Note that it was whitespace damaged, find below a tidied up version of 
the patch that i've applied to tip/out-of-tree.

	Ingo

----------------------->
commit 2f77dd3a3b5c3a27298fa0a09d8703c09c633fc6
Author: Ian Schram <ischram@telenet.be>
Date:   Mon Jul 21 20:18:25 2008 +0200

    mac80211_hwsim.c: fix: BUG: unable to handle kernel NULL pointer dereference at 0000000000000370
    
    I was looking at this out of interest, but I'm in no way familiar with
    the code.
    
    Looks to me that the error handling code in mac80211_hwsim is awkward.
    Which leads to it calling ieee80211_unregister_hw even when
    ieee80211_register_hw failed.
    
    The function has a for loop where it generates all simulated radios.
    when something fails, the error handling will call mac80211_hwsim_free
    which frees all simulated radios who's pointer isn't zero.

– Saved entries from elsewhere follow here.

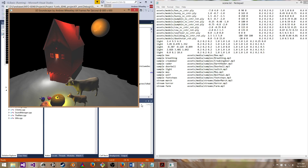With W and S, you can increase and decrease the pitch. And with A and D, you can increase and decrease the frequency.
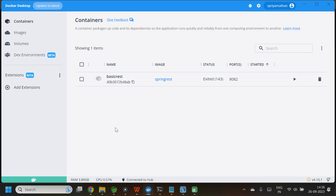So this is how you deploy a Spring Boot application in Docker. That's all — thank you.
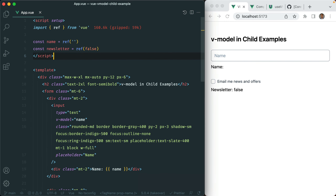What's up guys, Andre here. Today I want to take a look at a few different ways we can make use of vModel in your child components. We'll also make sure to take a look at defineModel, which is built into version 3.3 of Vue, which we are using here.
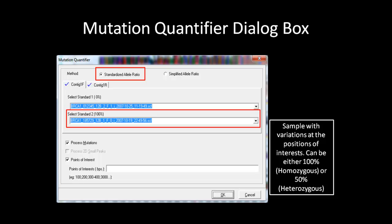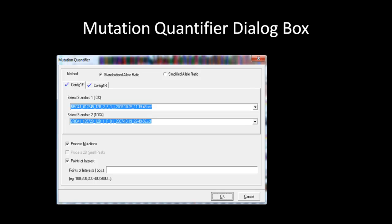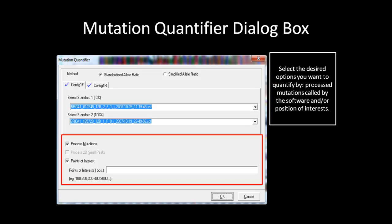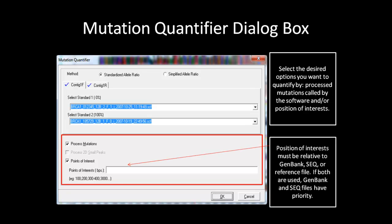In this example, I will specify my standards. Next, you can specify the position of interest that you want to quantify, or quantify all process mutations called by the software in the project. For position of interest, you must specify the position relative to either the GenBank, SCQ, or reference files, depending on which one you use. If both GenBank or SCQ files are used with reference files, the GenBank and SCQ files take priority. If you are finished setting the standards for the reverse trace as well, click OK and the report will generate.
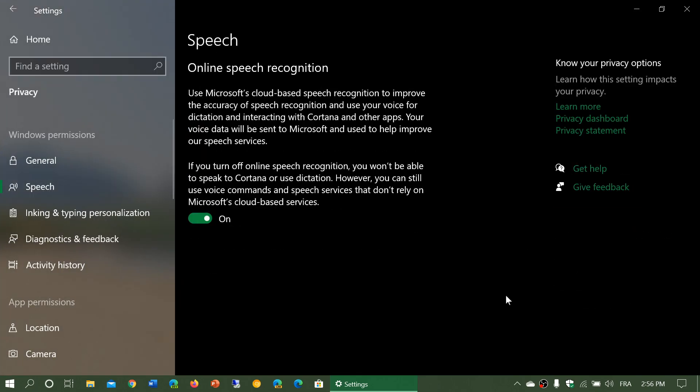Why would speech recognition have a privacy option and a switch to turn it on or off? It's because of the way that Windows 10 actually does its speech recognition.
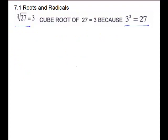Another example: the cube root of 27. What goes times itself 3 times to give 27? The answer is 3, because 3 to the third is 27. You'll start to understand the relationship between the root and something to the power — they are inverses.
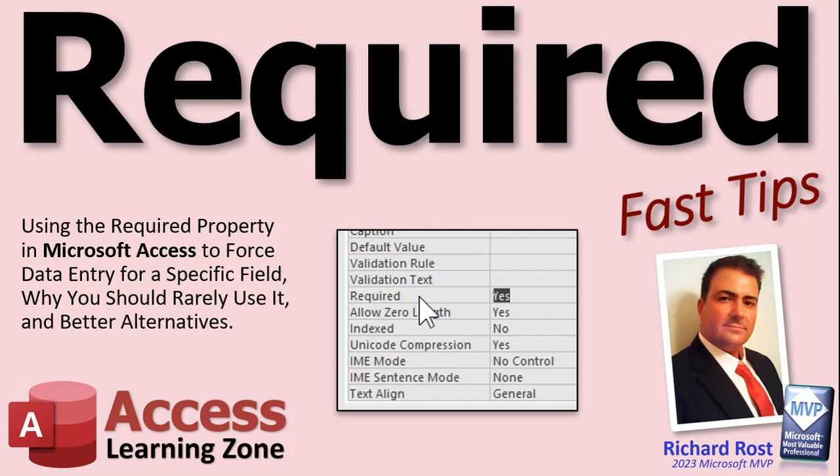Welcome to another Fast Tips video brought to you by AccessLearningZone.com. I am your instructor Richard Rost. In today's video, we're going to talk about the required property to force data entry into a specific field, why you should rarely use it, and what some better alternatives are.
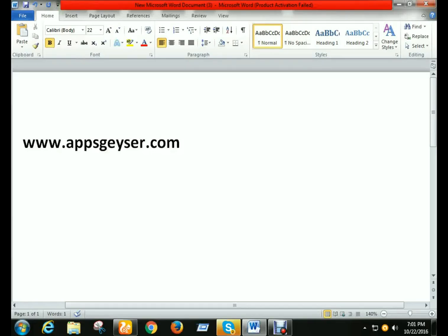Hello friends, welcome to another episode. In this episode I will show you how to create a website app or Facebook app. In the demo I will show you how to create a blog app using Blogger.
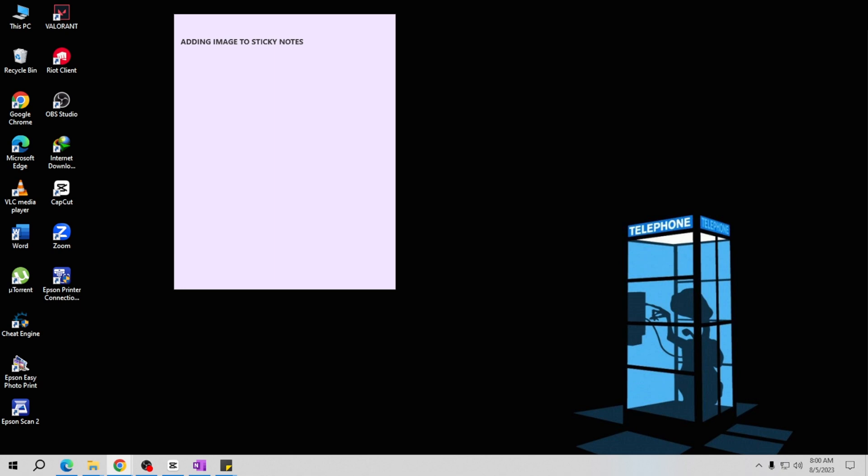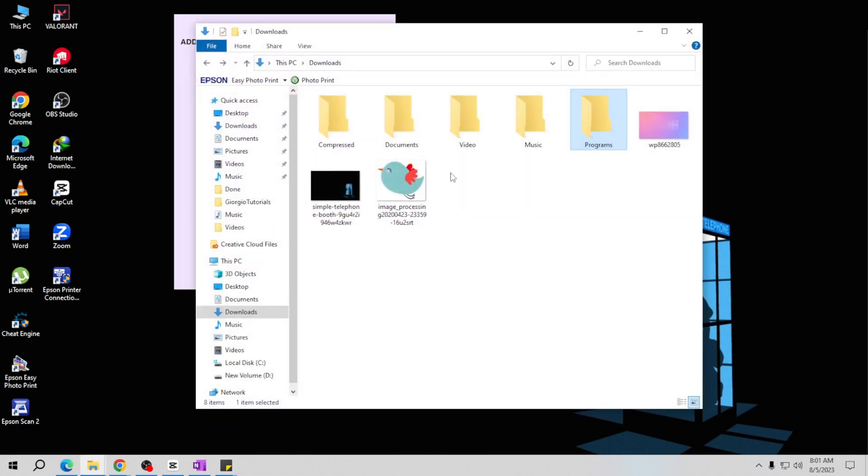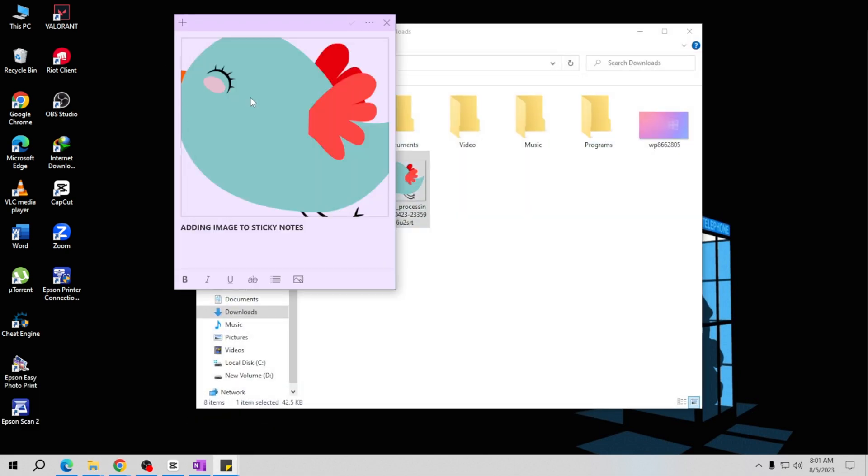Now here's a simple way to add an image to your sticky note. First, locate the image you want to add to your note and simply drag and drop it onto the sticky note. As you can see, you have successfully inserted the image you want.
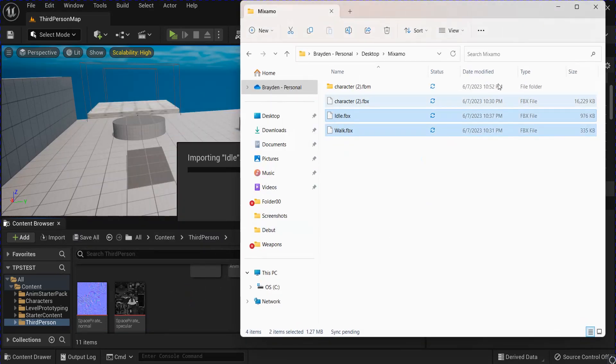And then hit Play. Should be good to go. Now you got your Character from Mixamo walking around with the animations. And they also have the idle animations set up. Thanks for watching.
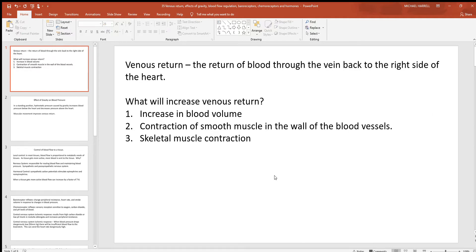Let's continue our discussion by looking at venous return. When you talk about venous return, you're talking about the return of blood through the veins of the body. Think about some different ways in which this could be increased — the quicker you increase the return of the blood through the veins, the faster you return it to the heart and the more blood it can pump. An increase in blood volume will help to increase this return.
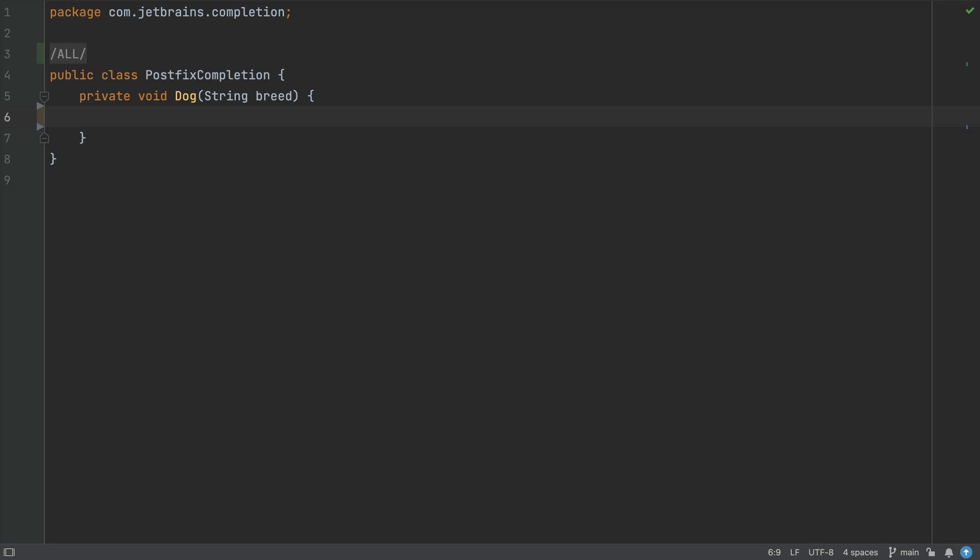Okay, let's head over to this class. The next type of completion that we're going to talk about is postfix completion.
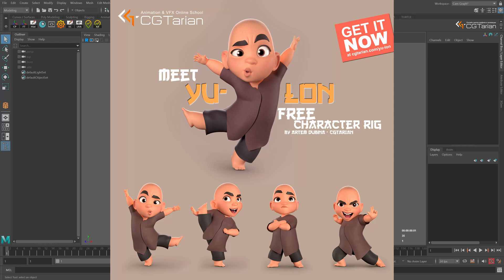Hi! In this short video we will look at the basic features of our new character rig Yulon.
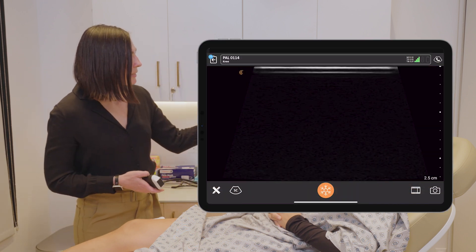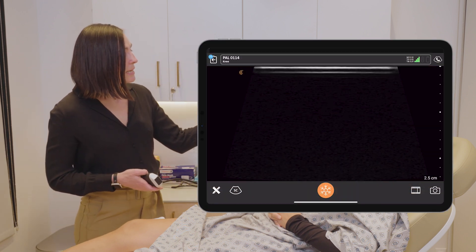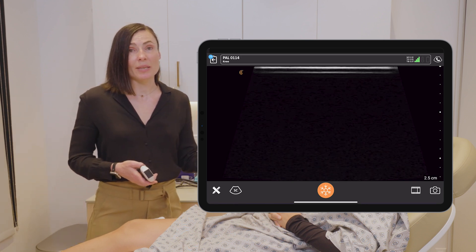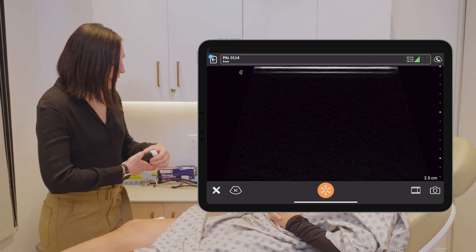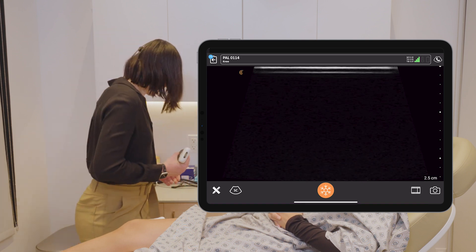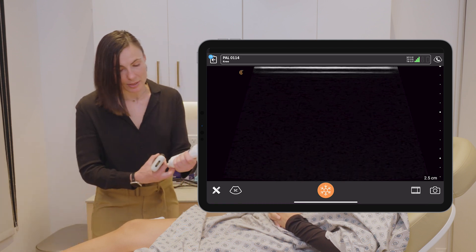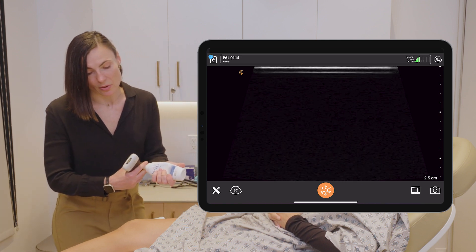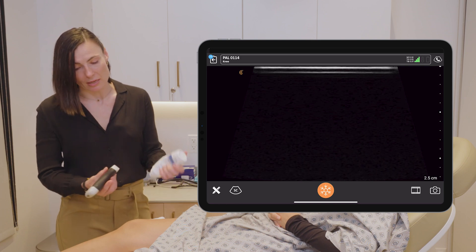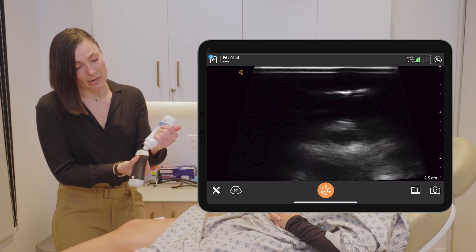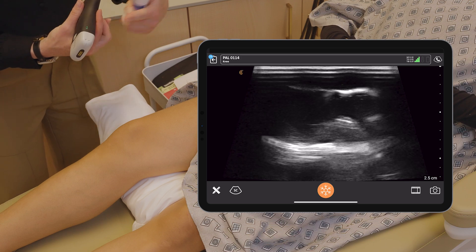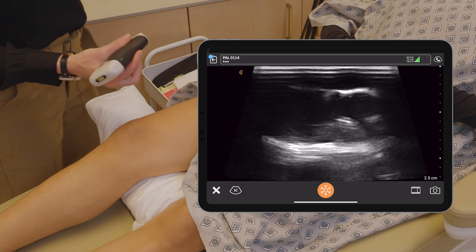I have already selected the knee application, or you can also use the musculoskeletal application on your settings. We are going to look at the suprapatellar portion of the knee in the sagittal orientation, so my probe marker is going to be pointing towards the patient's head.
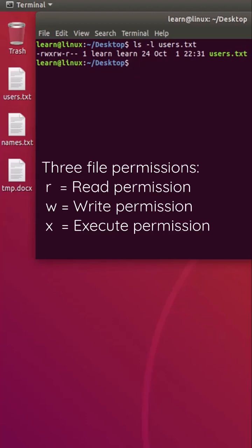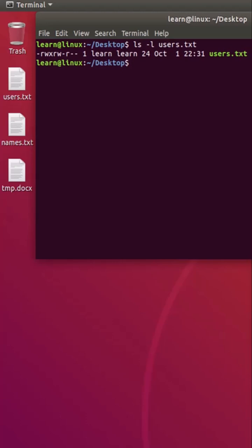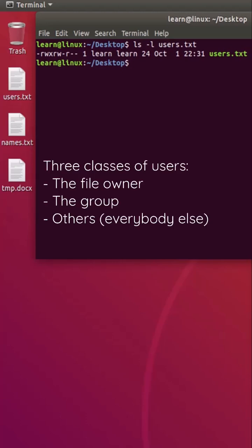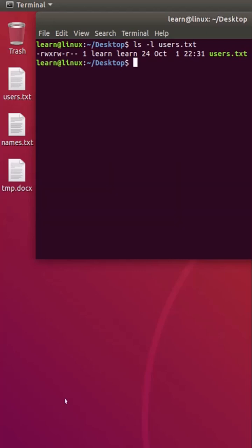The hyphen shows that the given permission is missing for a particular user. There are three classes of users: the file owner, the group, and others.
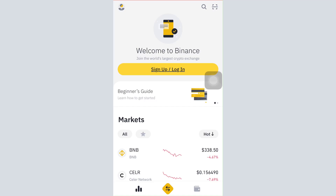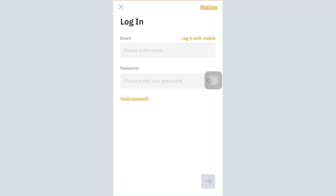Tap on the sign up/login option. You will be landing on the login section. On the login page, enter the email address and the password that you had previously associated to your account while signing up.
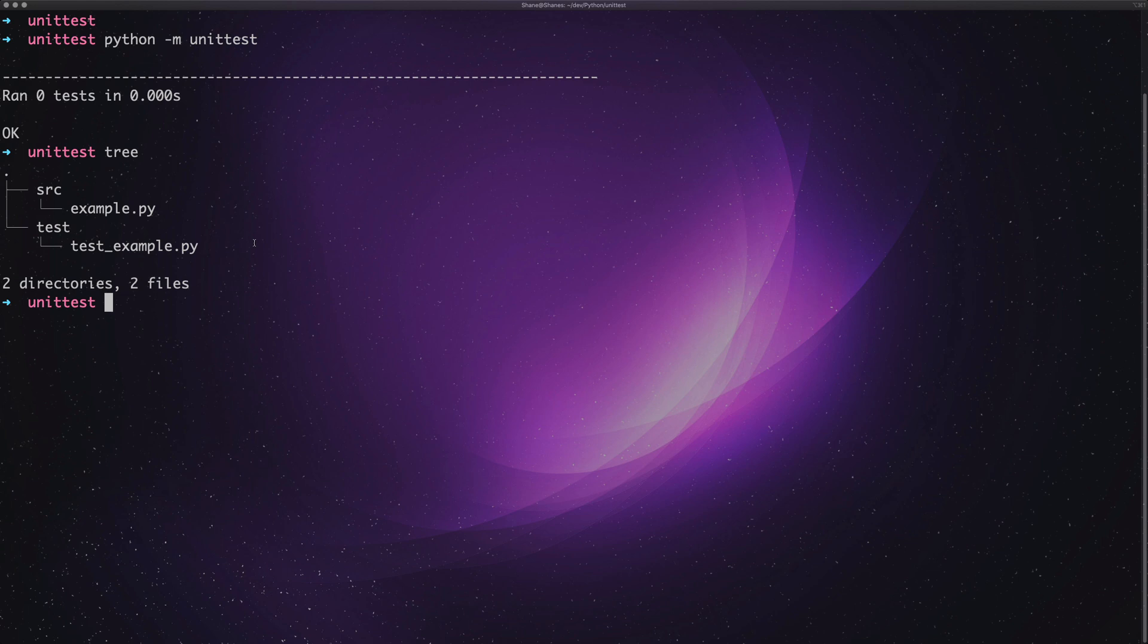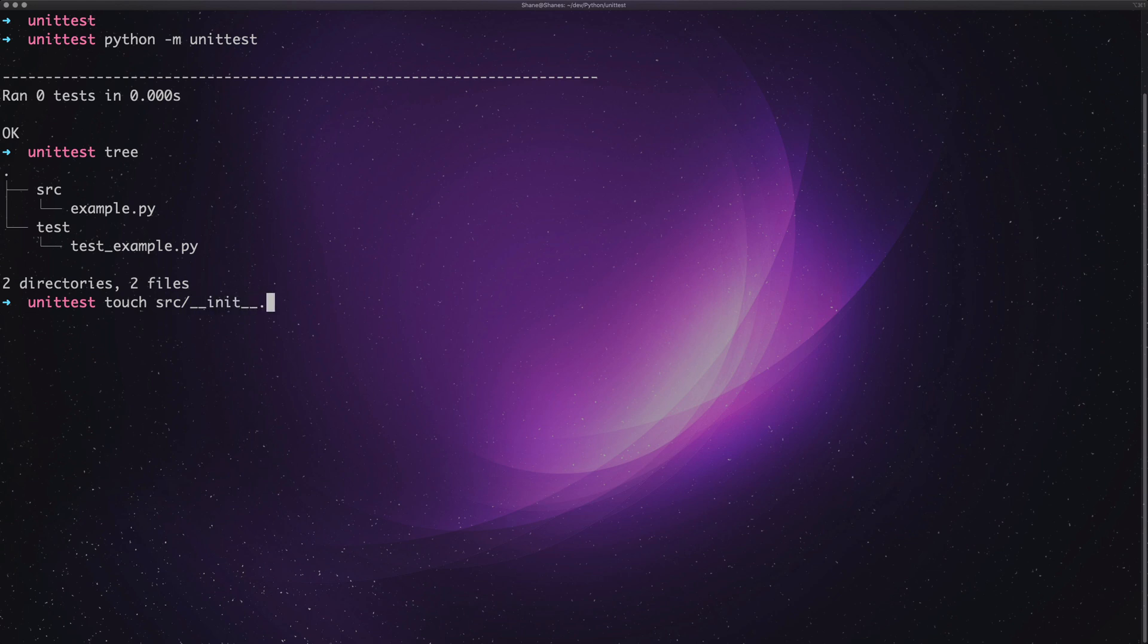So the way you are going to make this work is you need to add init files to both of those directories that we have at the moment. So it's touch source underscore underscore init underscore underscore dot py.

However the
    information stored is insufficient to determine whether or not the call
    to ieee80211_register_hw succeeded or not for a specific radio. The
    included patch makes init_mac80211_hwsim clean up the current simulated
    radio, and then calls into mac80211_hwsim_free to clean up all the
    radios that did succeed.
    
    This however doesn't explain why the rate control registration failed..
    build tested this, but had some problems reproducing the original
    problem.
    
    Signed-off-by: Ian Schram <ischram@telenet.be>
    Signed-off-by: Ingo Molnar <mingo@elte.hu>
---
 drivers/net/wireless/mac80211_hwsim.c |   18 ++++++++++++------
 1 files changed, 12 insertions(+), 6 deletions(-)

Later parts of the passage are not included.